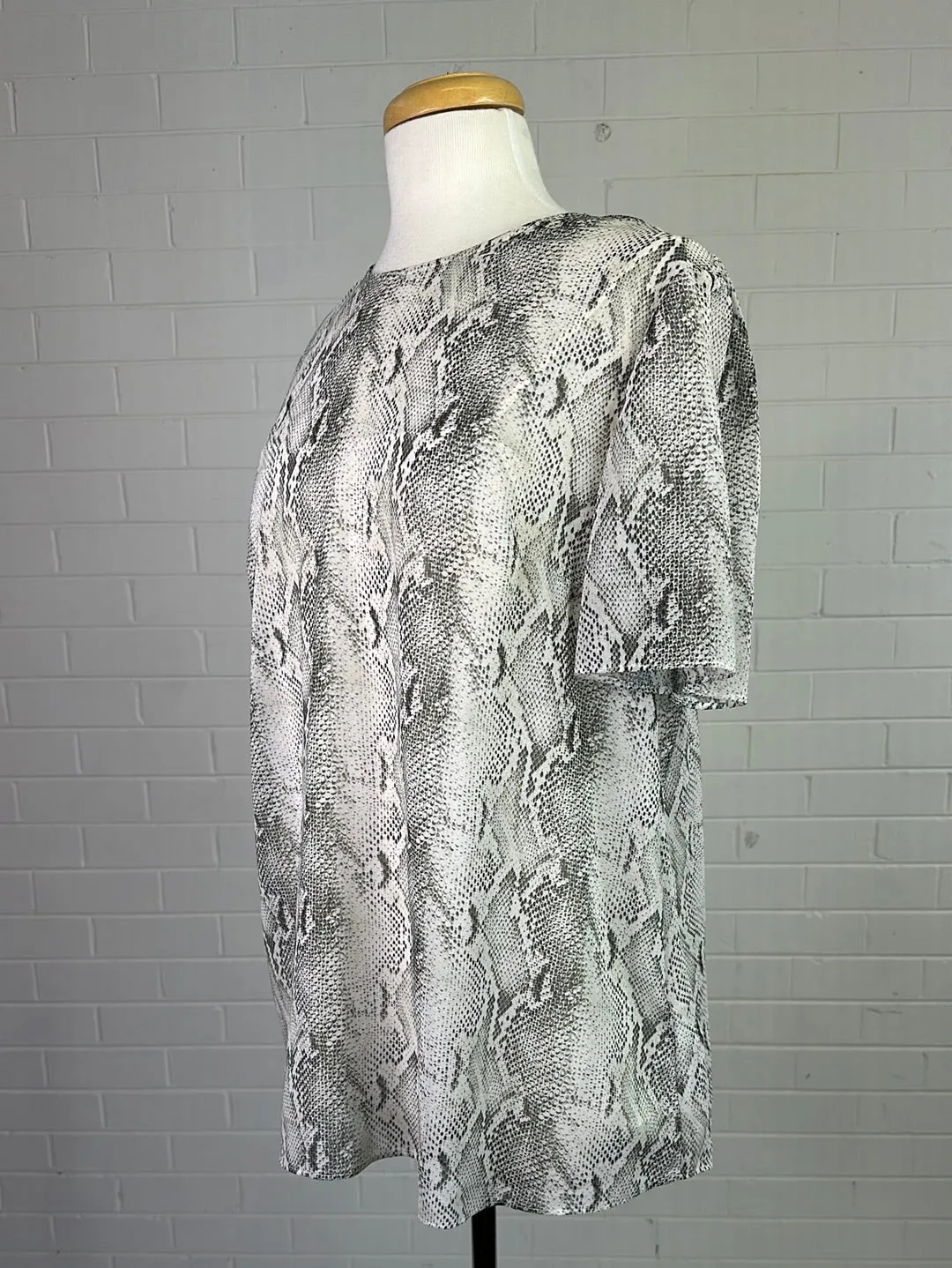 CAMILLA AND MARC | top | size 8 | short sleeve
---
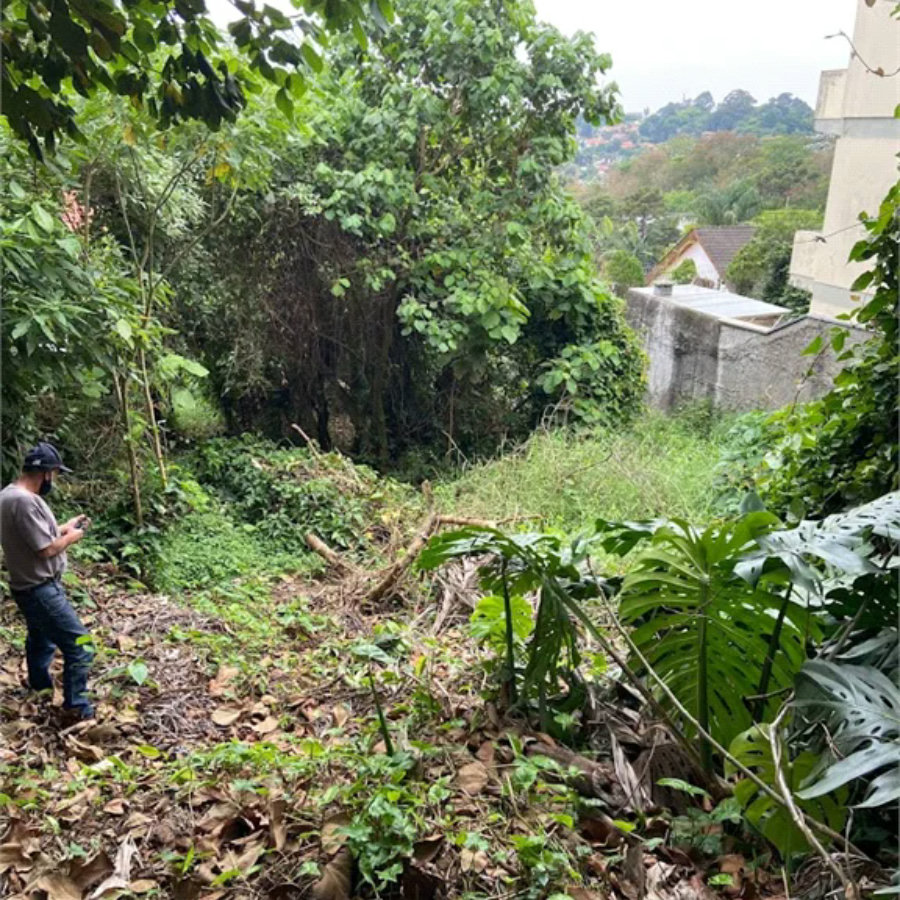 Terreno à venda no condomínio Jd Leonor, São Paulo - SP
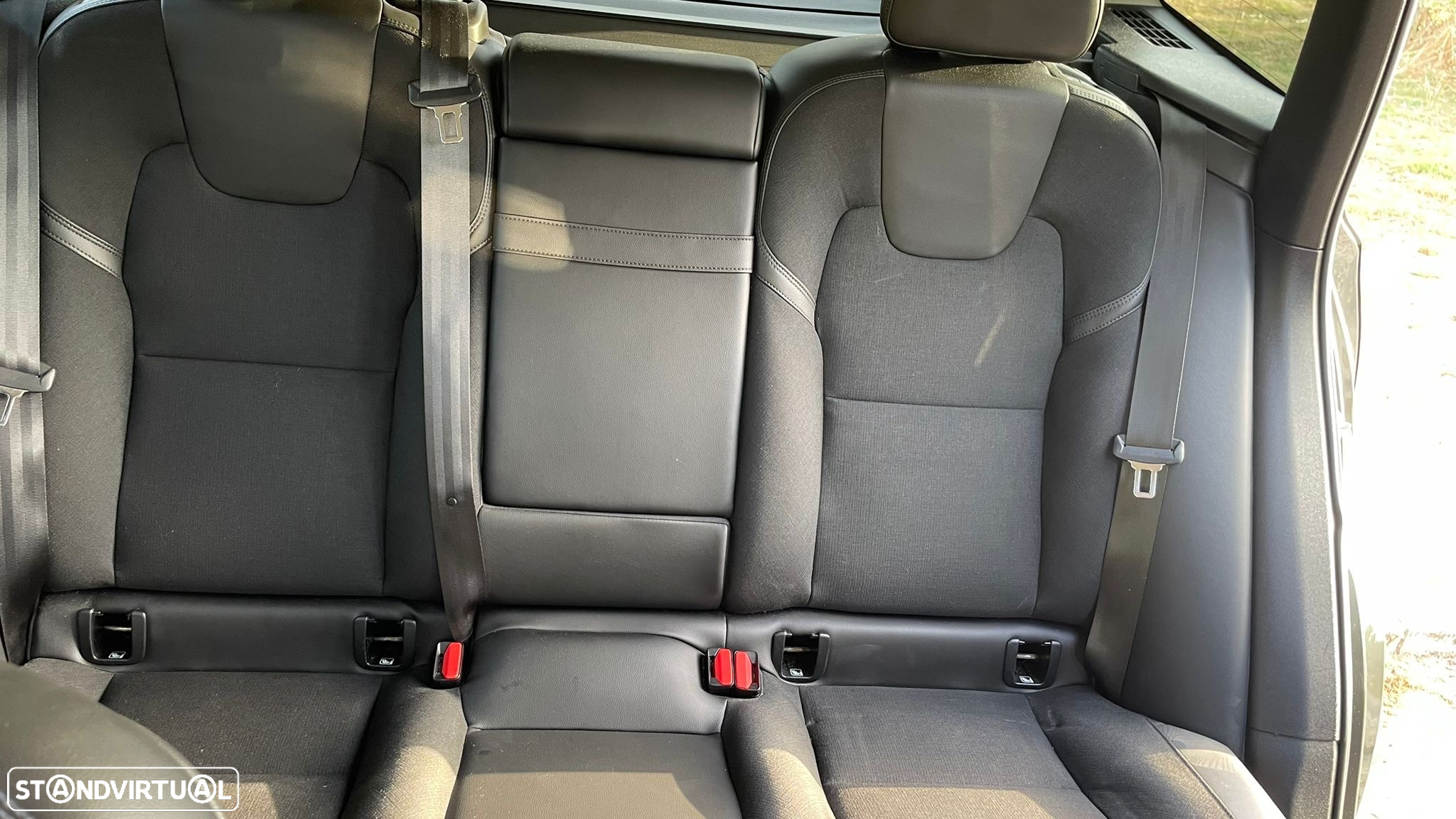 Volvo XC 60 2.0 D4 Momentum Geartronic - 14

• What you have to do:
Leave the pictures out, and transcribe exactly the lines above starting at the one that contains "Terreno à venda" and ending at the one that contains "Volvo XC 60 2.0 D4 Momentum Geartronic - 14".

• Answer section:
 Terreno à venda no condomínio Jd Leonor, São Paulo - SP
 Volvo XC 60 2.0 D4 Momentum Geartronic - 14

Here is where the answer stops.